Back to Diseases of cucurbits
Angular leaf spot
Clemson University, Bugwood.org
Angular leaf spot is a bacterial disease caused by Pseudomonas syringae pv. lachrymans. Although angular leaf spot can occur on any of the cucurbit crops, cucumber is less commonly affected due to the availability of resistant varieties.
- Leaves develop small, angular, brown or straw-colored spots with a yellow halo.
- Leaf spots dry and drop out, leaving irregularly shaped holes in the leaves.
- Water soaked to tan small circular spots on fruit.
- Bacterial soft rot often develops after fruit spots and rot the entire fruit.
- Sticky drops of whitish liquid form on the underside of the leaf when wet, dry to a crust when dry.
C. Averre, NCSU Bugwood.org
Angular leaf spot thrives in warm humid conditions. The bacteria can infect all cucurbit crops and will infect all above ground parts of the plant including leaves, fruit and vines. When fruit are infected, the bacteria moves deep into the fruit and infects the seed.
The disease can be introduced into a field through contaminated seed. When humidity is high, a drop of clear to white sticky bacterial ooze forms on infections. These bacteria are moved from plant to plant on the hands and tools of workers, by insects, or by splashing water. The pathogen can survive in plant debris for over 2 years.

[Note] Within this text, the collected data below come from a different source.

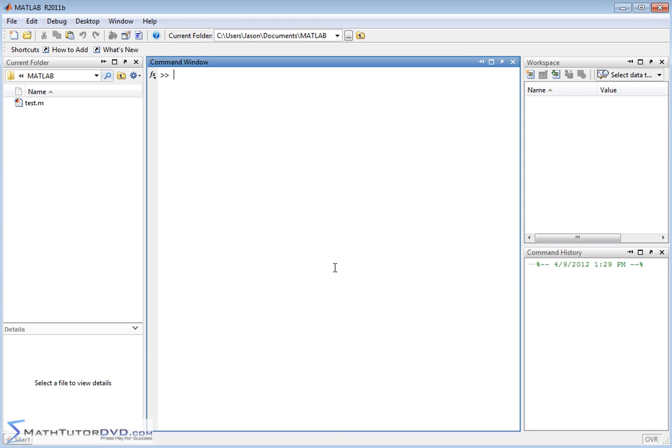Hello and welcome to this section of the MATLAB Tutor. In this section we're going to build on what we did just a minute ago and calculate derivatives. What I want to show you is that a lot of times you'll calculate the derivative of a function and want to evaluate it at a point — plug in a value and evaluate that derivative at x equals 4 or something. Let me show you how to do that.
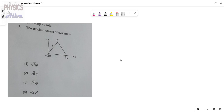Hello everyone, welcome back to the channel. We have to calculate the dipole moment of the given system. Before starting, please subscribe to the channel and press the bell icon.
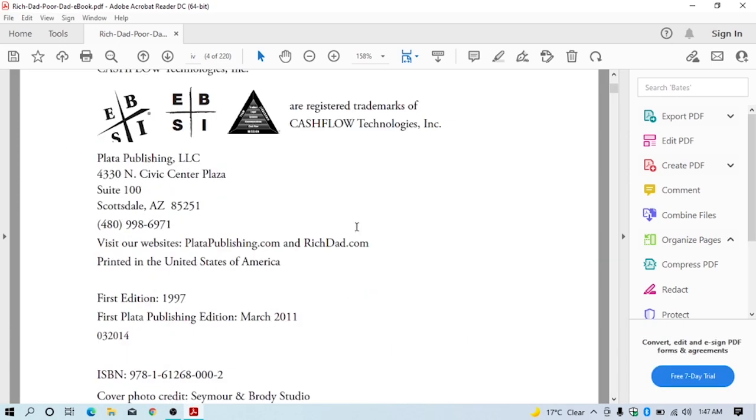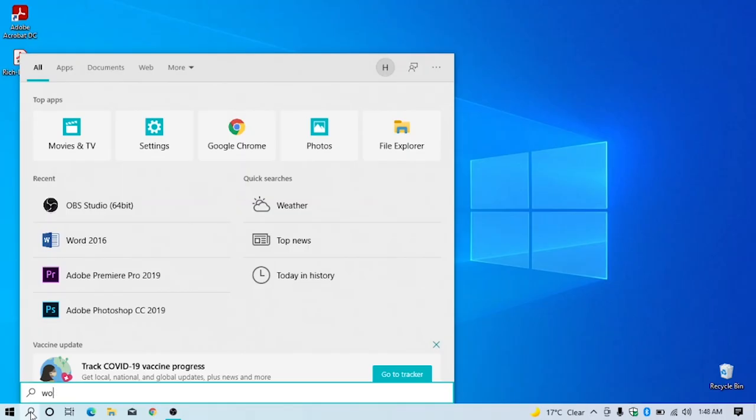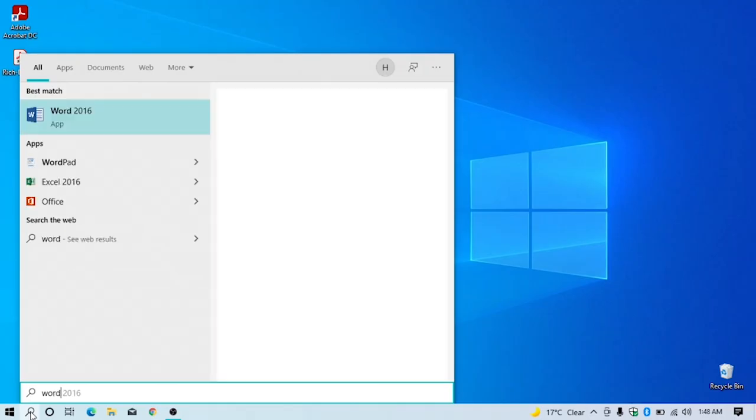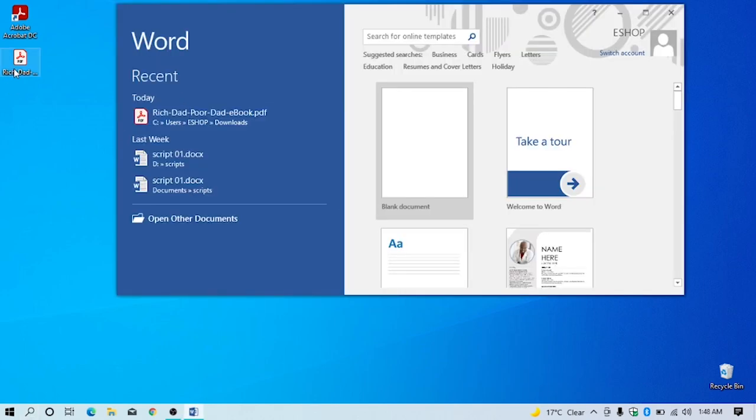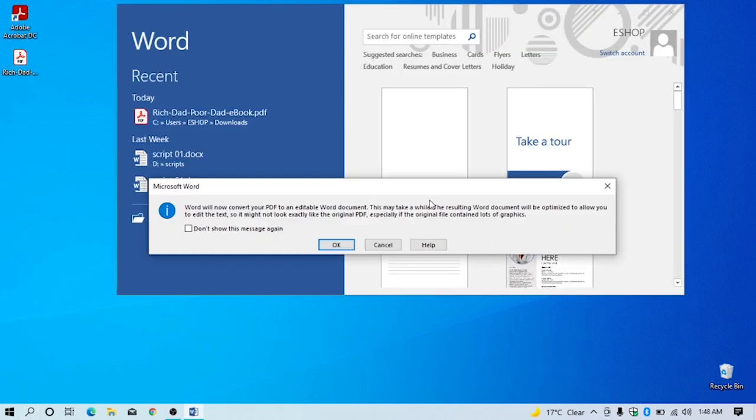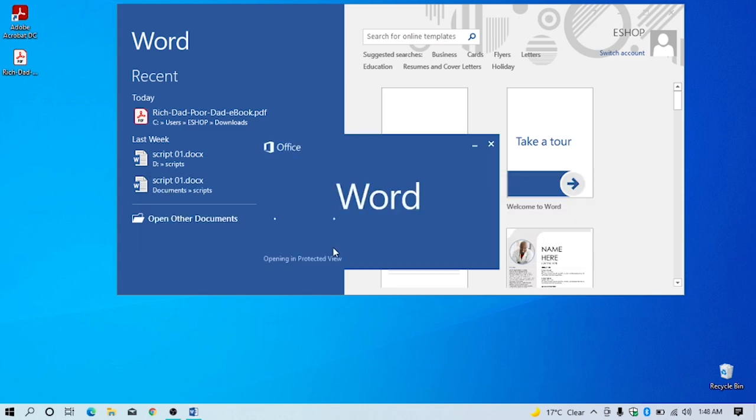What you have to do is open Microsoft Word and drag and drop the PDF file you want to edit. This conversion window will appear onto your screen, just click OK.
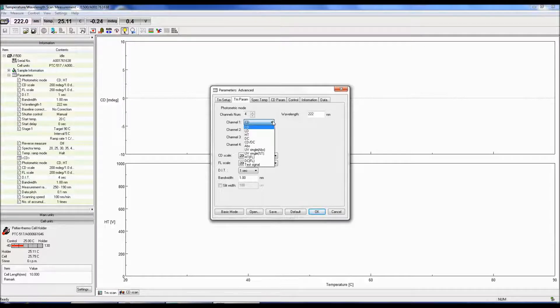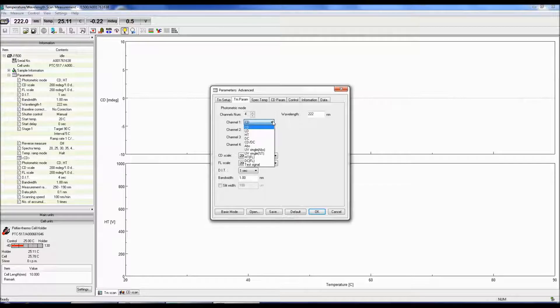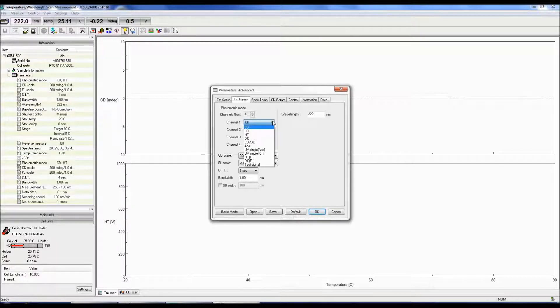DC compensates for the change in the light level. When the DC drops, the HT adjusts the gain to increase the DC output.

- Many resistant varieties are available for cucumbers and are the best form of control for this crop.
- Buy clean seed from a reputable source. If saving seed, do not collect seed from infected plants.
- Rotate vegetables so 2 or more years go by before planting any member of the squash family in the same location.
- Use drip irrigation instead of overhead sprinklers if possible.
- Do not work in plants when leaves are wet.
- Remove and destroy infected fruit and vines at the end of the season in small gardens.
- In large fields, till in infected plant debris at the end of the season to speed up decomposition.
- Copper can slow the spread of disease if the infection is caught early. Sprays are not effective once disease is severe. Sprays do not need to be continued if dry weather persists beyond 2 weeks.